Scraped caption text data

- Opening Delimiter -

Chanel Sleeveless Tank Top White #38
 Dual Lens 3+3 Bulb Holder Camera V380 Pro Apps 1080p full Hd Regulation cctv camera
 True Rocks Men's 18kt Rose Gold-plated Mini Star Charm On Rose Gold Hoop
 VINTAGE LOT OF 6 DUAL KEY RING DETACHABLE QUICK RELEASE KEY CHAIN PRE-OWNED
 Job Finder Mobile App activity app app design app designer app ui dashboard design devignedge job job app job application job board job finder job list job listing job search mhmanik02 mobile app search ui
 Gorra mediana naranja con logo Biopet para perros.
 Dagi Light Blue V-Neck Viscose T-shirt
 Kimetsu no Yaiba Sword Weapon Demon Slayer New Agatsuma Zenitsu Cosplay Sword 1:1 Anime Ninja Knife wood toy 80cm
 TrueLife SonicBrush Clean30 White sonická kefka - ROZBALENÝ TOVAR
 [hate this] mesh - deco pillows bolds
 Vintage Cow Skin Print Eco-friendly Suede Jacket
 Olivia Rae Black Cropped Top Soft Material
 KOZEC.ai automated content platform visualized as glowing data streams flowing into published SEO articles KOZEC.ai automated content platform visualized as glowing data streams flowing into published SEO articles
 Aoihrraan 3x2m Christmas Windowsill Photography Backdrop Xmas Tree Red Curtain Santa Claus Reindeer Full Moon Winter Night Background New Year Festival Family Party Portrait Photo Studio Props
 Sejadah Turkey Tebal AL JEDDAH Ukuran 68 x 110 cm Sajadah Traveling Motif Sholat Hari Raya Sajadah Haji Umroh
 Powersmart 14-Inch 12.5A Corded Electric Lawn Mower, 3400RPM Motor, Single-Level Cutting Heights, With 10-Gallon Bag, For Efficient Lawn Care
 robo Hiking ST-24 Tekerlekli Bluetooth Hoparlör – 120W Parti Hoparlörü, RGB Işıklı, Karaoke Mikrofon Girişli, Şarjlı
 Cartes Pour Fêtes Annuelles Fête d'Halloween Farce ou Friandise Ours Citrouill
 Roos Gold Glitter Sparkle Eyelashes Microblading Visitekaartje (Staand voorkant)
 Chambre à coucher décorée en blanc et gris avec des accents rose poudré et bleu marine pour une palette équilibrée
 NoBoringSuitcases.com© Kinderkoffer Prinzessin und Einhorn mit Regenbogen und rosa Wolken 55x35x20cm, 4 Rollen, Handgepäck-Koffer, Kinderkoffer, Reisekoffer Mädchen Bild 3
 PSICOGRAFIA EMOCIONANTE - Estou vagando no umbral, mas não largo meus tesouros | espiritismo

- Closing Delimiter -

# Aim of the task:
Taking the records above, retype every line from the one with "Dagi Light Blue V-Neck Viscose T-shirt" down to the one with "Roos Gold Glitter", exactly and with nothing else.

# Completed exercise:
 Dagi Light Blue V-Neck Viscose T-shirt
 Kimetsu no Yaiba Sword Weapon Demon Slayer New Agatsuma Zenitsu Cosplay Sword 1:1 Anime Ninja Knife wood toy 80cm
 TrueLife SonicBrush Clean30 White sonická kefka - ROZBALENÝ TOVAR
 [hate this] mesh - deco pillows bolds
 Vintage Cow Skin Print Eco-friendly Suede Jacket
 Olivia Rae Black Cropped Top Soft Material
 KOZEC.ai automated content platform visualized as glowing data streams flowing into published SEO articles KOZEC.ai automated content platform visualized as glowing data streams flowing into published SEO articles
 Aoihrraan 3x2m Christmas Windowsill Photography Backdrop Xmas Tree Red Curtain Santa Claus Reindeer Full Moon Winter Night Background New Year Festival Family Party Portrait Photo Studio Props
 Sejadah Turkey Tebal AL JEDDAH Ukuran 68 x 110 cm Sajadah Traveling Motif Sholat Hari Raya Sajadah Haji Umroh
 Powersmart 14-Inch 12.5A Corded Electric Lawn Mower, 3400RPM Motor, Single-Level Cutting Heights, With 10-Gallon Bag, For Efficient Lawn Care
 robo Hiking ST-24 Tekerlekli Bluetooth Hoparlör – 120W Parti Hoparlörü, RGB Işıklı, Karaoke Mikrofon Girişli, Şarjlı
 Cartes Pour Fêtes Annuelles Fête d'Halloween Farce ou Friandise Ours Citrouill
 Roos Gold Glitter Sparkle Eyelashes Microblading Visitekaartje (Staand voorkant)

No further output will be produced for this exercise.